The scenario includes widespread defaults on subprime mortgages and a range of other debts and a national homes market, which is in its worst downturn since the Great Depression of the 1930s, she adds.
But ultra-low interest rates inspired not only a property boom but also financial innovation.
Daisy chain of debt (or risks)
There were hundreds of billions of dollars of subprime residential mortgage-backed securities (RMBS), derivatives on subprime RMBS and collateralized debt obligations (CDOs) that bought subprime RMBS and/or the derivatives on the RMBS. These were packaged and sold to hedge funds, banks, and pension funds who looked to diversify their risks.

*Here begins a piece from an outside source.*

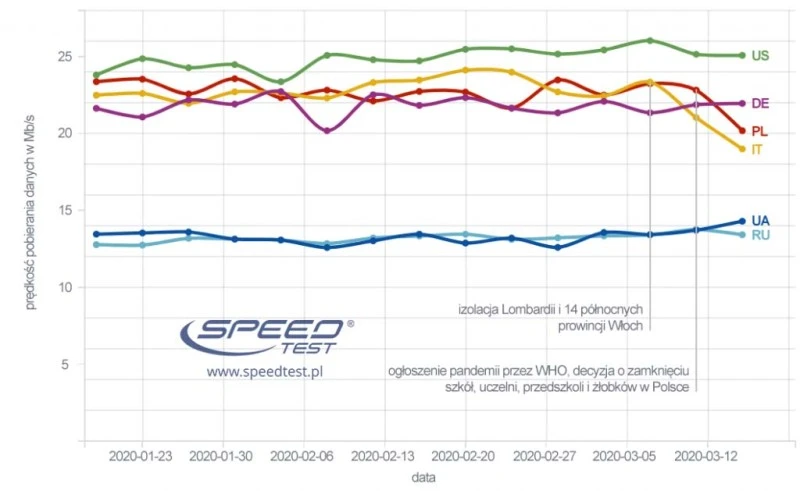 speedtestpl koronawirus predkosc internetu 1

Pimco's Bill Gross estimates that there were $500 trillion of these exotic securities and other derivatives that had been hiding in a "shadow banking system", which consists of all the levered investment conduits, vehicles and structures, that are now facing liquidity constraints.

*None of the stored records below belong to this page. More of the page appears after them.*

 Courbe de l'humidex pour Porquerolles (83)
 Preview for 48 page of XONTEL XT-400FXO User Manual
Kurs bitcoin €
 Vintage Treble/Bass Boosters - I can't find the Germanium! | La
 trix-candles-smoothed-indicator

This system includes: SIVs, conduits, money market funds, monolines, investment banks, hedge funds and other non-bank financial institutions.
As the housing market soured, securities losses tied to subprime mortgages were felt by the largest US banks including Merrill Lynch to even a German bank, IKB which had to be bailed out by a consortium of state-backed German banks, as write-downs connected to its revaluation of mortgage-related assets had emerged.
There's more to come. The banks face massive loan losses - "far more dramatic" than most bank executives and ratings agencies have forecast, says Whitney, an analyst with Oppenheimer & Co Inc.
The crisis has cost the global banking sector well in excess of $100 billion in debt write-downs so far, but losses tied to the credit turmoil will likely top $600 billion, with banks and brokers accounting for more than half of that, UBS says.
Real-estate problems forced banks to tighten credit in the early 1990s, which former Fed chairman Alan Greenspan euphemistically likened to "headwinds" that slowed the economy.
That's easily the case today. "The breadth of the difficulties in the credit markets - its size and scope - is the worst I have ever seen it," says James Kochan, fixed-income strategist at Wells Fargo Funds Management, in Menomonee Falls, Wisconsin.
A lack of confidence has seized up the markets for lending and curtailed new bond offerings for leverage loans and high-yield "junk" debt, major sources of funding for leveraged buyouts, since last August. But US banks, which have taken losses on exposure in junk and leverage loans, face the "denominator effect" caused from constrained balance sheets and illiquid capital markets that will give way to sharp spikes in loss ratios for banks, says Whitney of Oppenheimer.